Terapia da anemia pós-parto
O nadir do valor de Hb pós-parto é atingido 48 horas após a distribuição primária do volume de plasma. Basicamente, a terapia depende da gravidade da anemia e da condição da mulher em trabalho de parto. Em anemia leve (Hb 95-110 g/l), recomenda-se a terapia com ferro peroral de cerca de 80-200 mg de ferro por dia. Em caso de moderada (Hb 85-95 g/l), anemia grave (Hb <85 g/l) e intolerância à terapia com ferro peroral, recomenda-se o tratamento com ferro intravenoso como primeira escolha. Em Hb <80 g/l, a administração de rhEPO para além da carboximaltose parenteral de ferro pode ser considerada. No entanto, a evidência de eficácia adicional da rhEPO em combinação com a terapia com ferro intravenoso, em comparação com a terapia com ferro intravenoso por si só, é muito limitada. Se o Hb for <60 g/l, deve ser realizada uma transfusão de sangue estrangeiro dependendo dos sintomas clínicos.
Mensagens Take-Home
- A deficiência de ferro é a causa mais comum de anemia em todo o mundo. O rastreio é recomendado no primeiro trimestre por determinação da ferritina.
- Outra causa importante de anemia é a hemoglobinopatia genética. A clarificação de β-talassemia e hemoglobinopatia é realizada com cromatografia de hemoglobina ou electroforese de hemoglobina.
- A anemia, dependendo da sua gravidade, é um factor de risco significativo em termos de morbidade e mortalidade materna e fetal.
- Em primeiro lugar, a anemia ligeira por deficiência de ferro e a deficiência de ferro sem anemia durante a gravidez devem ser tratadas com terapia do ferro peroral.
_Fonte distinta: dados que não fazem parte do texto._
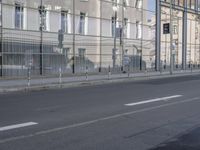 a large building is reflected in the side of the street that goes along this narrow road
- Para a terapia com ferro intravenoso na gravidez e o puerpério, é utilizada a carboximaltose padrão de ferro (Ferinject®), que é muito bem tolerada.
Literatura:
- Bencaiova G, Burkhardt T, Breymann C: Anemia – prevalência e factores de risco na gravidez. Eur J Intern Med 2012 Set; 23(6): 529-533.
- Centros de Controlo de Doenças (CDC): Critérios do CDC para a anemia nas crianças e nas mulheres em idade fértil. MMWR Morb Mortal Wkly Rep 1989; 38(22): 400-404.
- Breyman C: Anemia por deficiência de ferro na gravidez. Perito Rev Obstet Gyn 2013; 8(6): 587-596.
- Milman N: Ferro na Gravidez – Como assegurar um estatuto adequado de ferro na mãe e no filho? Ann Nutr Metab 2011; 59: 50-54.
- Merlo CM, Wuillemin WA: Prevalência e causas de anemia numa prática familiar urbana. Prática 2008; 97(5): 713-718.
- Lopez A, et al: Anemia por deficiência de ferro. Lancet 2016; 387(10021): 907-916.
- Breymann C: Anemia. In: Schneider H, Husslein P, Schneider KTM (eds.): Obstetrícia. Springer Verlag 1999; 371-385.
- Swiss Medical Board: Tratamento oral ou parenteral de deficiência de ferro. Relatório de 24 de Outubro de 2014.
- Breymann C, et al.: Carta de peritos n.º 48 do SGGG. Diagnóstico e terapia da anemia por deficiência de ferro na gravidez e no pós-parto. Versão actualizada de 11.01.2017 (substitui a Carta de Peritos n.º 22).
- Breymann C, et al.; investigadores FER-ASAP: Carboximalose férrica vs. ferro oral no tratamento de mulheres grávidas com anemia por deficiência de ferro: um ensaio internacional, aberto, randomizado e controlado (FER-ASAP). J Perinat Med 2017 24 de Maio; 45(4): 443-453.
InFo ONCOLOGY & HEMATOLOGY 2018; 6(2): 28-32.